# Coming up with a statistic that is responsive to changes in a time series, yet not too volatile

Let's say I have a fairly volatile time series $$X_t$$ - it doesn't have any reason to show an upward / downward trend, but it does show drops and spikes from time to time. It can also change level (e.g. for a few weeks it will be at one level, but it will quickly drop down to a new level a few % points down and stay there).

I'd like to have a statistic (basically a time series Y_t) that signals a change in $$X_t$$ quickly. It should also converge to the same (or close to the same) level as $$X_t$$ with as little delay as possible. Finally, $$Y_t$$ should have as little volatility as possible (I'm aware there's a tradeoff between low volatility and responsiveness).

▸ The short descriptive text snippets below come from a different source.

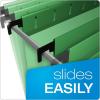 Pendaflex SureHook Reinforced Hanging Folders, Letter Size, Bright Green, 1/5 Cut, 20/BX (6152 1/5 BGR)(Bright Green)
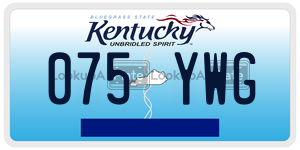 075YWG  license plate in KY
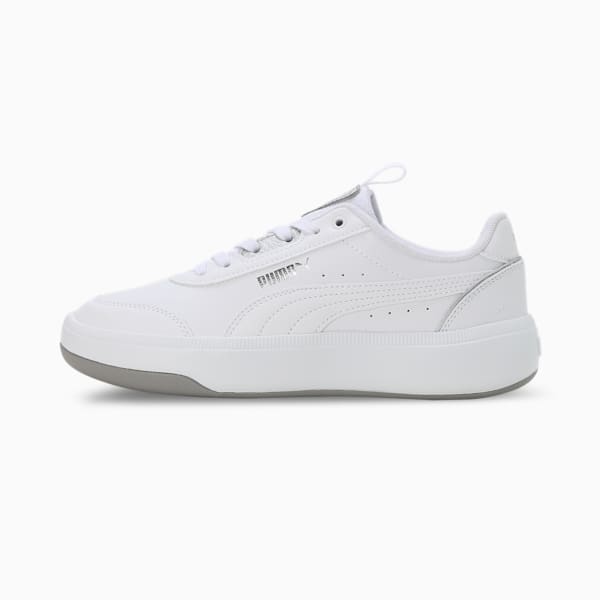 Tori Pop-Up Metallics Women's Sneakers, PUMA White-PUMA Silver-Matte Silver, extralarge-IND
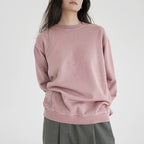 Womens Casual Oversized 100% cotton Sweatshirt MZYCSA2109Y print logo 1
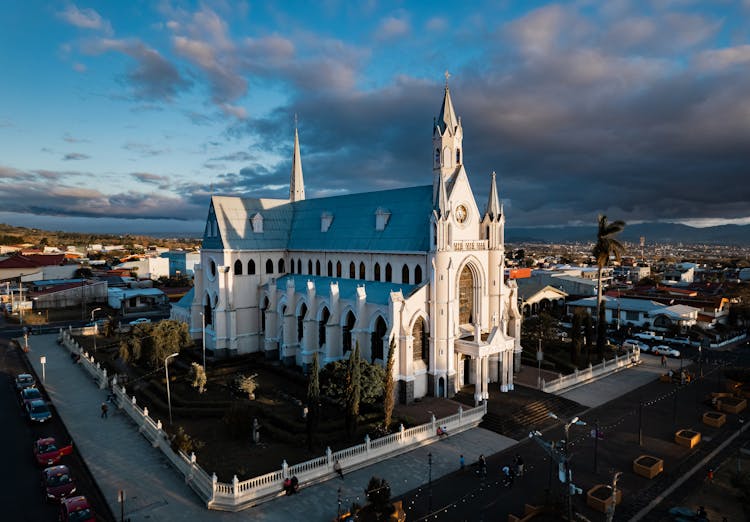 Aerial View Of The Iglesia San Rafael, Heredia, Costa Rica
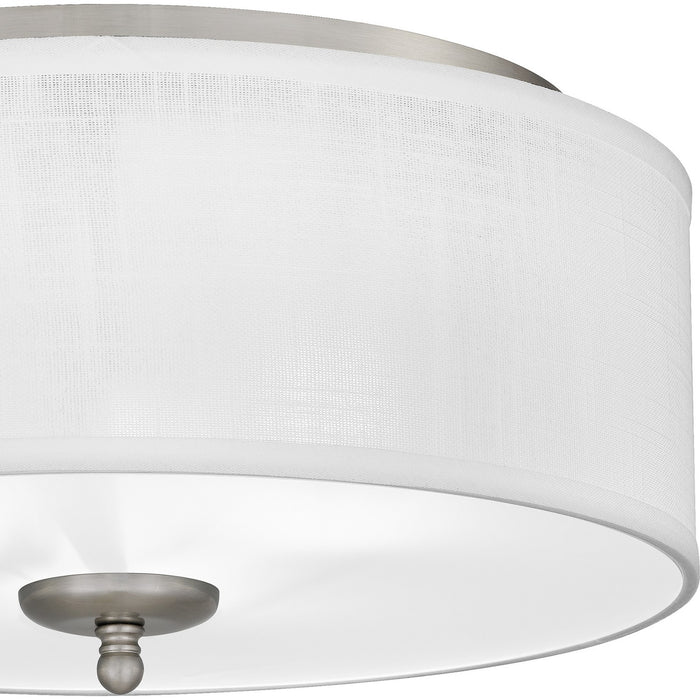 Quoizel BLA1616BN Three Light Flush Mount, Brushed Nickel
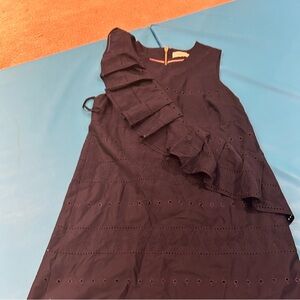 Ted baker ruffle navy color size 2 in ted baker chart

I've tried the rolling mean - if there's a short duration (say 1 period) drop in $$X_t$$, then the rolling mean reacts quickly to the drop, but shows a delay in reacting to the recovery in $$X_t$$ (i.e. when $$X_t$$ is restored to normal values). The delay is the same as the window size minus the drop duration.

At this stage, I'm considering two statistics. The exponential moving average with a window of $$5$$:

$$E_t=\frac{\sum_{i=0}^t(1-\alpha)^iX_{t-i}}{\sum_{i=0}^t(1-\alpha)^i}$$ where $$\alpha=\frac{2}{\text{window}+1}$$

The other statistic I'm considering is a combination of EMA and median. Let $$M_t$$ denote the rolling median with a window of $$9$$. Then $$C_t=aE_t+(1-a)M_t$$

To test their response to a drop, I did a quick simulation as follows:

a = pd.Series(np.hstack((np.ones(10)*0.81, np.ones(4)*0.77,
np.ones(4)*0.72, np.ones(5)*0.77, np.ones(10)*0.81)))
x = 0.5
b = a.ewm(span=5).mean()
c = x*a.ewm(span=4).mean() + (1-x)*a.rolling(7).median()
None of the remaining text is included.